Facebook posts memories of my former life’s posts, reminders of how my life has changed. This stained glass window is @ the Chapel of the 4 chaplains at the Philadelphia Naval Yard. I attended a holiday concert there in December of 2019 with my friend L. It was quite beautiful and many singers were winners of Marion Anderson awards. A church they’d been involved with @ 18 th & Lombard (?) was sold & They’d been looking for venue. The chaplaincy was new to the naval retiree and he prayed God would help him fill the chapel with music and life beyond the military weddings it provided. It was inspiring.

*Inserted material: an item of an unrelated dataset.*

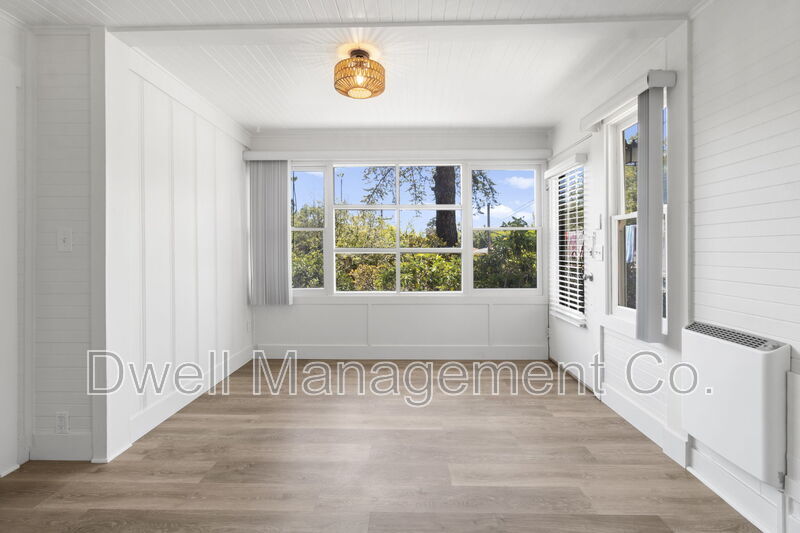 La Mesa House: 4535 Upland St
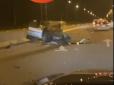 Машину розірвало на частини: На Київщині легковик не розминувся з фурою (відео)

I’m not a church-goer, but I was one for the first quarter of my life. I was thinking today that I miss the gyms and choir and the Handel’s Messiah and the Hallelujah chorus. I wouldn’t venture into a congregation of people singing hymns @ this point in time. I can make a plan to watch a service on tv and sing along and use my cd’s of the Messiah, hymns and Carol’s and I am purchasing some holiday flowers to decorate a bit more. I’m glad I have the memory and photograph to help recall my 2019 experience there.
December 17, 2021
I find myself drifting aimlessly day to day. I’m so aware of how fragile life is. How so many people are being taken from us too soon. How it seems especially cruel we are experiencing a surge during what has traditionally been the “the season of joy”. So since I can’t do any thing about so many of the “big” issues in life I find my self looking at little details of things I would have overlooked before. I must admit I’ve never sat and watched rain drops drip, counting seconds for them to collect and then drip, and then try and match that with the click to catch a picture. Regardless of how steady the drip is, “catching the moment “ seems a fitting metaphor for these times.